Gab es eine alternative Überlegung zur Institution Treuhand?
Der Begriff Treuhand ist durch den Kirchenhistoriker Wolfgang Ullmann (Demokratie Jetzt) in die Debatte gekommen. Wir wussten, dass dies ein juristisches Konstrukt ist, um Eigentum vom Staat wegzunehmen und von Dritten verwalten zu lassen. Aber wir wollten ja das Volkseigentum nicht privatisieren. Darum kam bei uns dieser Begriff nicht vor. Ullmann forderte gegen Ende Februar, das Volkseigentum zu entstaatlichen durch Vergabe von Anteilen an die DDR-Bürger. Das war die Idee. Die Ost-SPD fand das auch gut.
Wie fanden Sie den Vorschlag?
Emotional stand ich der Sache sehr nah. Es waren ja Menschen von hier, die alles geschaffen haben. Aber, in drei Wochen sollten die Wahlen stattfinden, und die Idee war: Am Wahltag bekommt jeder einen Zettel in die Hand gedrückt, auf dem seine Anteile stehen. Da hätten wir eine Zahl draufschreiben müssen, ohne den Marktwert zu kennen zu dem Zeitpunkt, da die das einlösen wollen. Wer sollte wie viel bekommen? Die nicht mitarbeitende Zahnarztgattin genauso viel wie der unter Tage malochende Kalikumpel? Es waren doch überhaupt keine Fragen gelöst. Dann gab es noch die Idee, einen Teil in einen Staatsfonds einzulegen. Obwohl ich die Idee nachvollziehen konnte: Das Problem war doch, die DDR-Wirtschaft brauchte eine Modernisierung, die kostete viel Geld. Und wenn Eigentum verschenkt wird, hat man gar nichts. Man riskiert nur, wie es dann in Russland geschah, dass die Voucher, auf denen stand, wie viel Rubelchen er oder sie bekommt, früher oder später, meist früher, eingelöst werden. Kaufen werden Leute, die Geld haben. So entstanden dann Imperien bildende Oligarchen, nicht selten einstige Funktionäre der KPdSU und des Komsomol. Die Volksaktie war unter gegebenen Umständen keine tragfähige Idee.

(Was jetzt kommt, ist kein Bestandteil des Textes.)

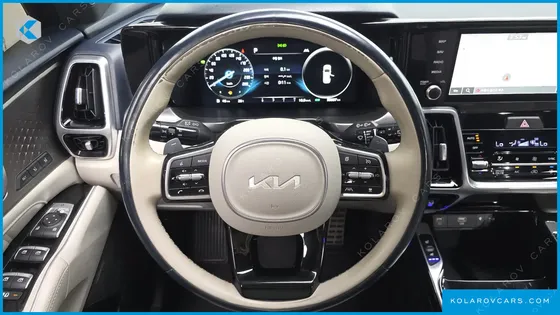 KIA SORENTO HEV 1.6 2WD
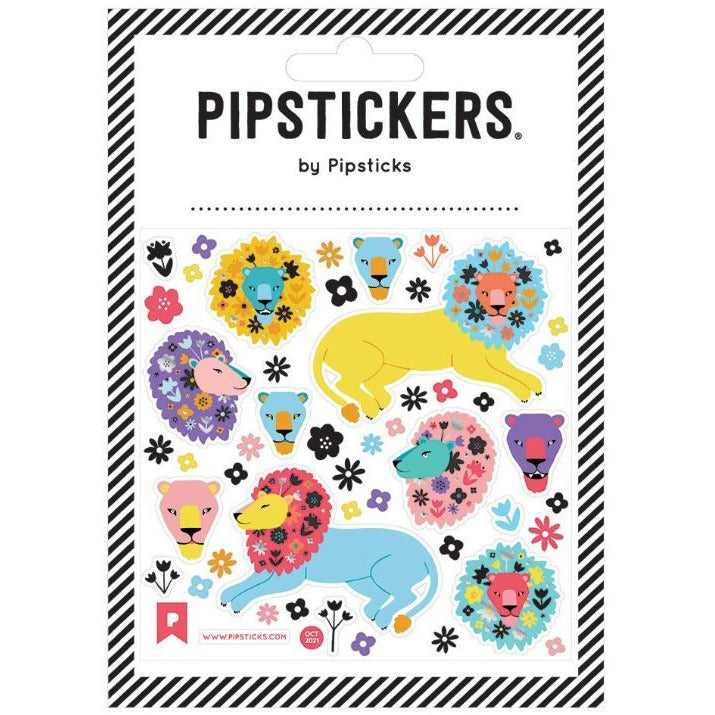 Pipsticks Lions in Bloom Novelty Pipsticks [SK]   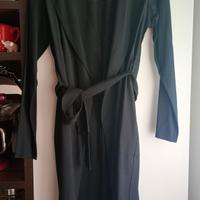 Spolverino trench lungo nuovo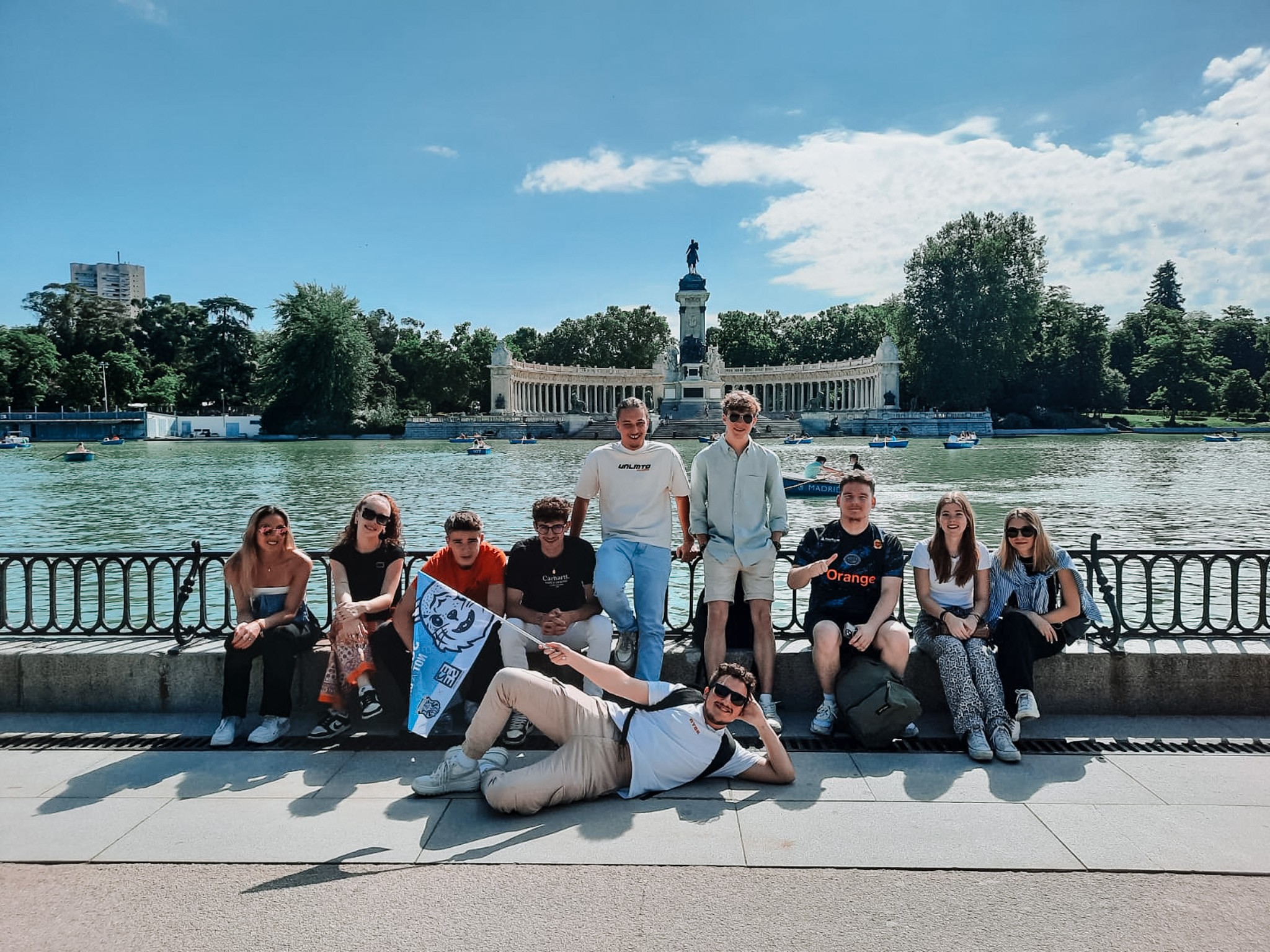 Image mise en avant de l'article LEARNING EXPEDITION • MADRID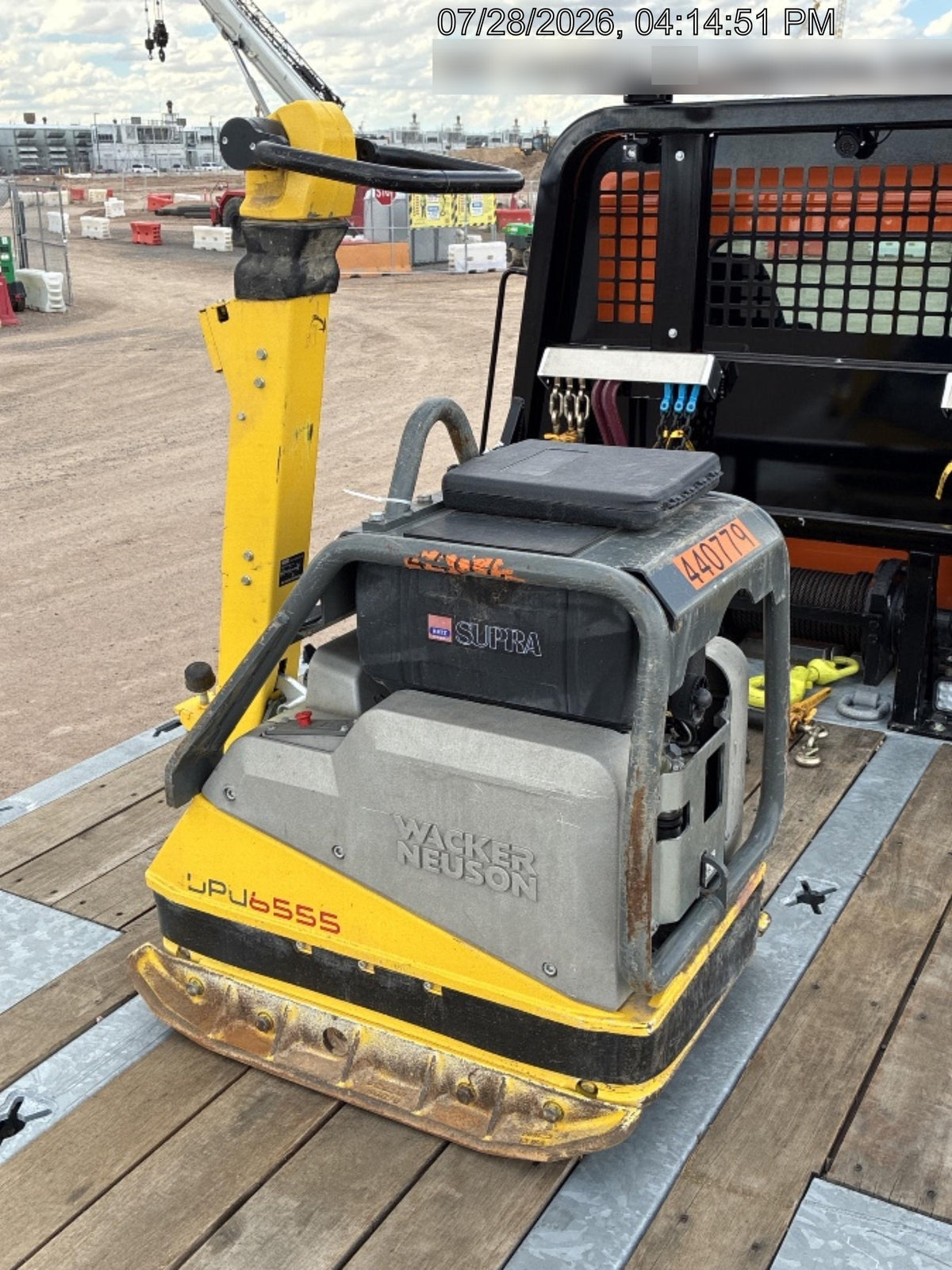 2024 WACKER NEUSON DPU6555Heh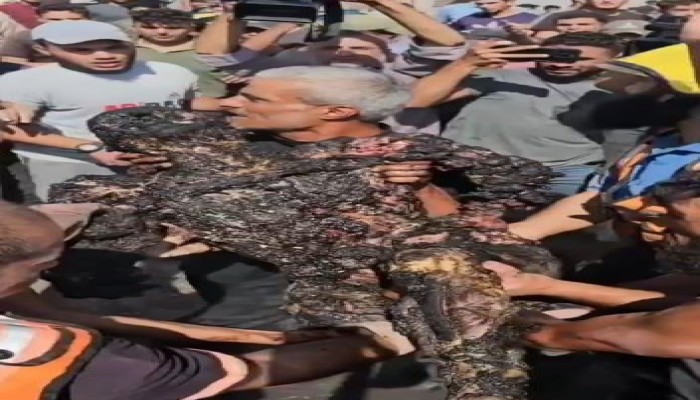 الإخوان المسلمون: حرق الصهاينة مستشفى (كمال عدوان) سُبة في جبين الإنسانية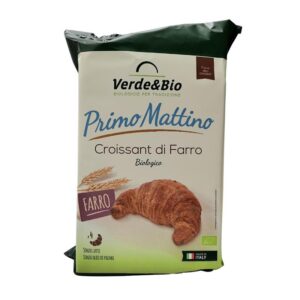 Croissant Vegano di Farro - 6x40g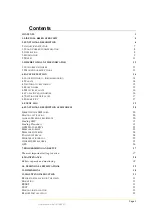 Preview for 3 page of Nortroll LineTrol R400D User Manual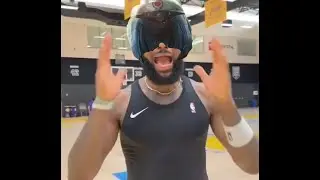 Lebron James scream if you love Marathon 2 Durandal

Sie wollten das Volkseigentum erhalten.
Ja, im Interesse der Allgemeinheit. Das war der Auftrag der ersten Treuhand. Wir wollten durch Erhalt und Effizienzerhöhung des Volkseigentums und die Zulassung weiterer Eigentumsformen die Grundlage dafür schaffen, dass Menschen ihr Einkommen durch Arbeit verdienen können. Genau das ist dann unter der durch die De-Maizière-Regierung gegründete Treuhand nicht geschehen. Die hatte einen anderen Auftrag: rasche Privatisierung des Volkseigentums. Die fatalen Folgen sind bis heute spürbar.
Prof. Dr. Christa Luft war in der Wendezeit in der DDR Wirtschaftsministerin und stellvertretende Vorsitzende des Ministerrates in der Modrow-Regierung. Der blieben gerade vier Monate, das Unmögliche zu versuchen. Kathrin Gerlof sprach mit der Wirtschaftswissenschaftlerin, die von 1988 bis 1991 Rektorin der Berliner Hochschule für Ökonomie war.